[Image-text web data]
┌──

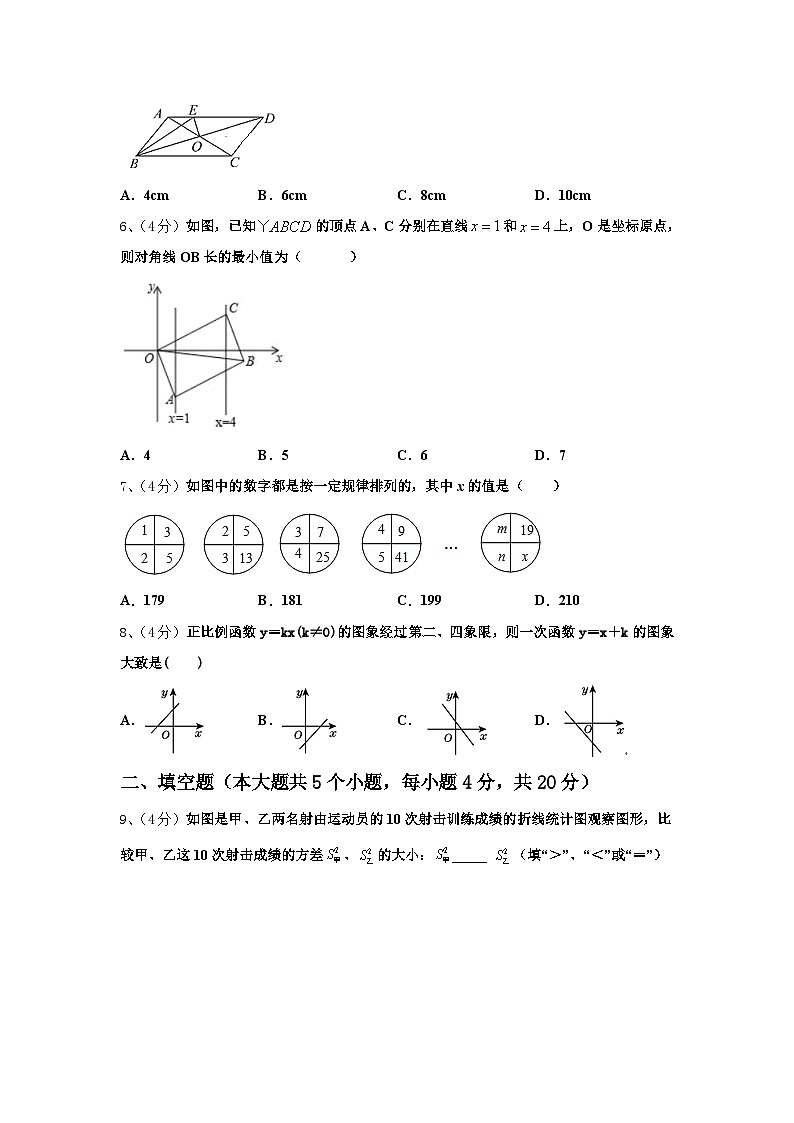 2025届广东省惠州市第一中学九上数学开学学业质量监测试题【含答案】第2页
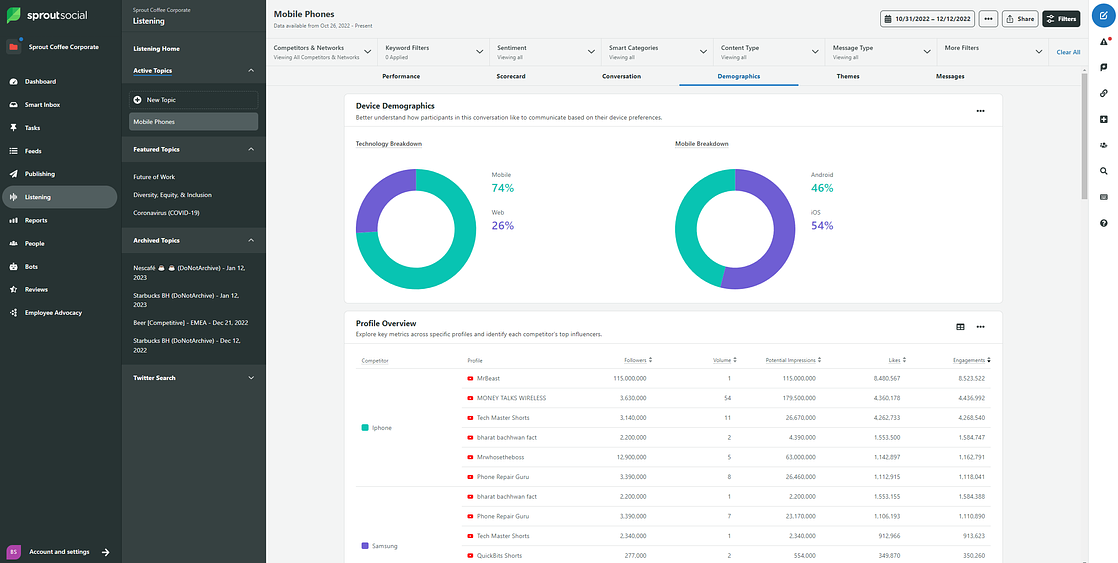 Device demographics within Sprout's Social Listening dashboard. There is a technology (mobile vs. web) and mobile breakdown (Android vs iOS). The dashboard also shows a profile overview for key metrics across specific accounts including followers, volume, likes, impressions and engagements.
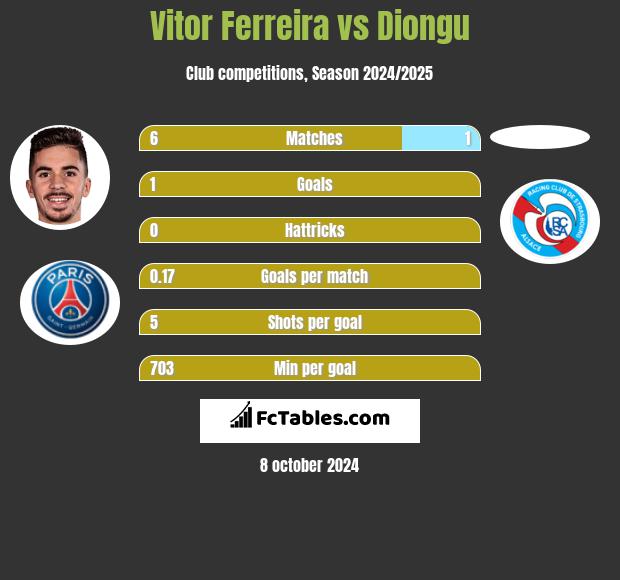 Vitor Ferreira vs Diongu h2h player stats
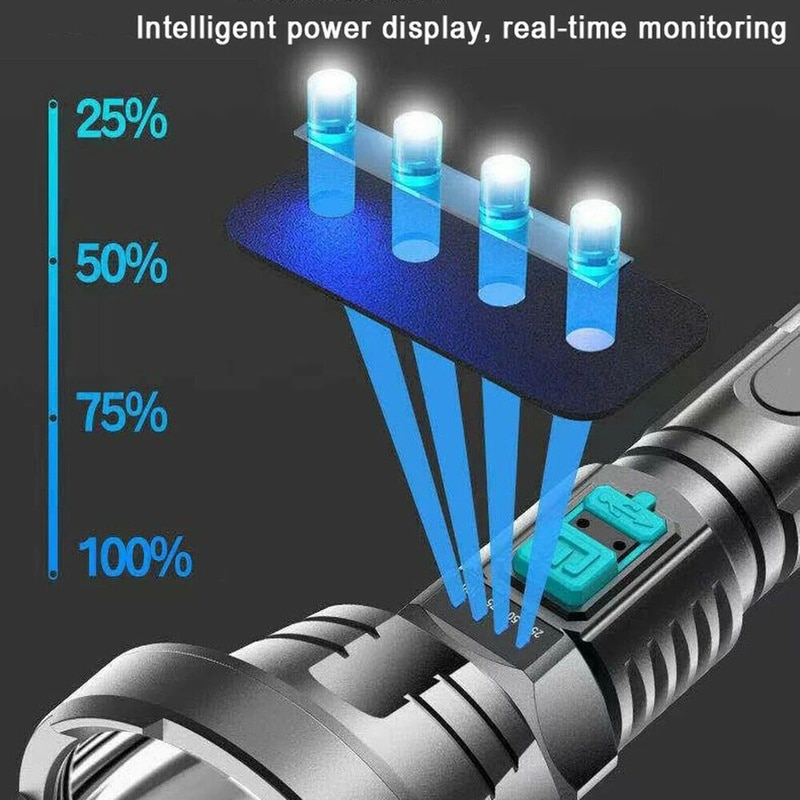 LED Rechargeable Hunting Flashlight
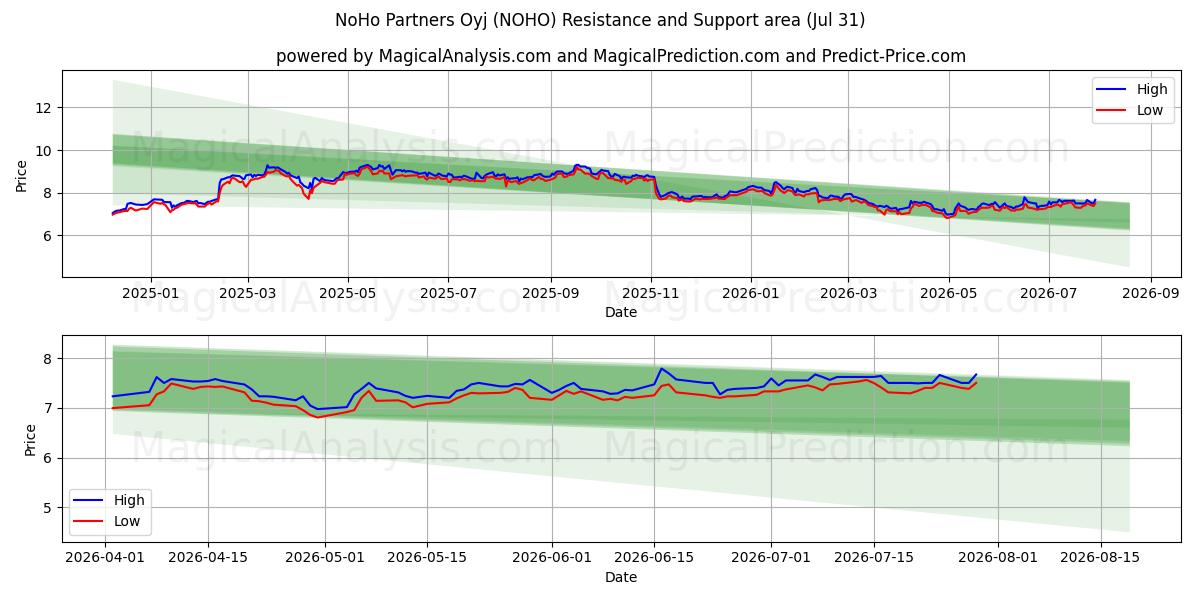  NoHo Partners Oyj (NOHO) Support and Resistance area (30 Jul) 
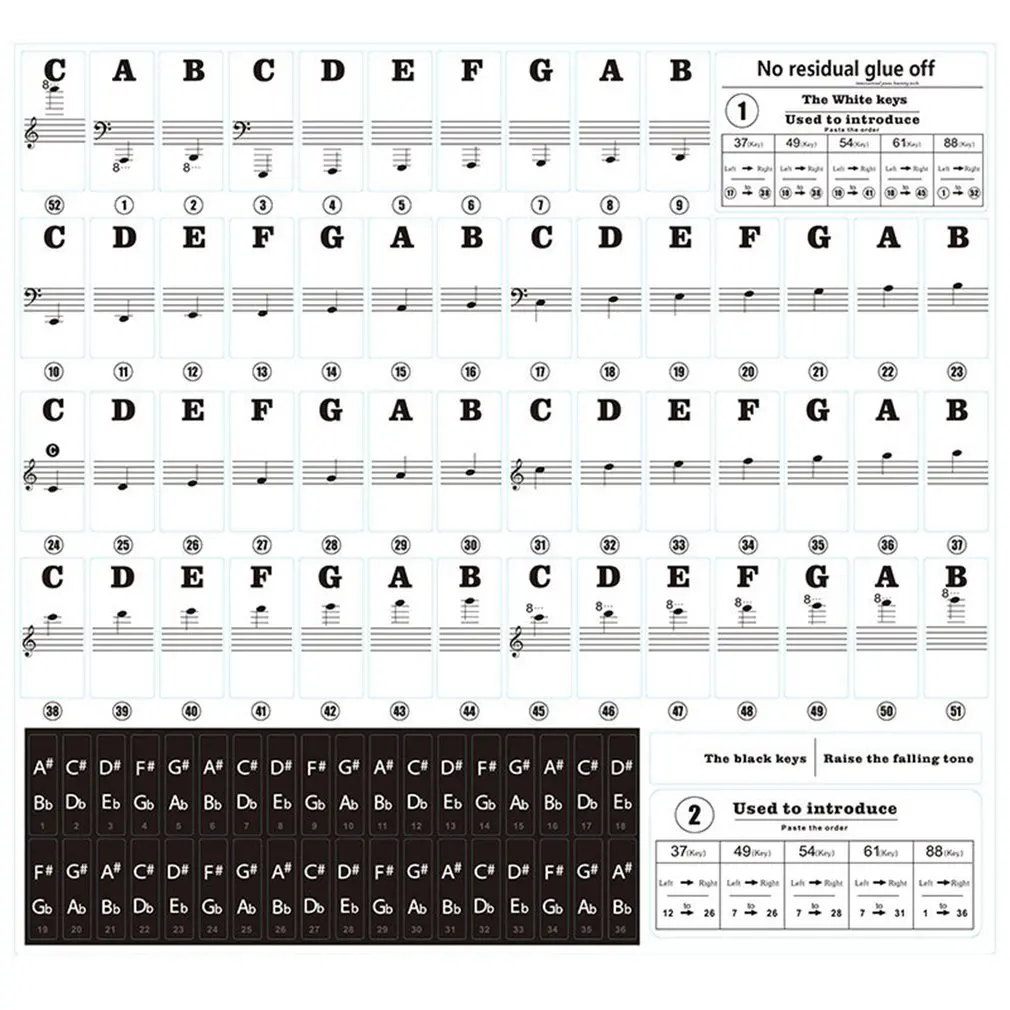 88/61/54/49 электронная клавиатура пианино Stave прозрачная наклейка для нот версия и Подложка для музыки
88/61/54/49 электронная клавиатура пианино Stave прозрачная наклейка для нот версия и Подложка для музыки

└──

Repeat every line above exactly, but omit all images.

 2025届广东省惠州市第一中学九上数学开学学业质量监测试题【含答案】第2页
 Device demographics within Sprout's Social Listening dashboard. There is a technology (mobile vs. web) and mobile breakdown (Android vs iOS). The dashboard also shows a profile overview for key metrics across specific accounts including followers, volume, likes, impressions and engagements.
 Vitor Ferreira vs Diongu h2h player stats
 LED Rechargeable Hunting Flashlight
  NoHo Partners Oyj (NOHO) Support and Resistance area (30 Jul) 
 88/61/54/49 электронная клавиатура пианино Stave прозрачная наклейка для нот версия и Подложка для музыки
88/61/54/49 электронная клавиатура пианино Stave прозрачная наклейка для нот версия и Подложка для музыки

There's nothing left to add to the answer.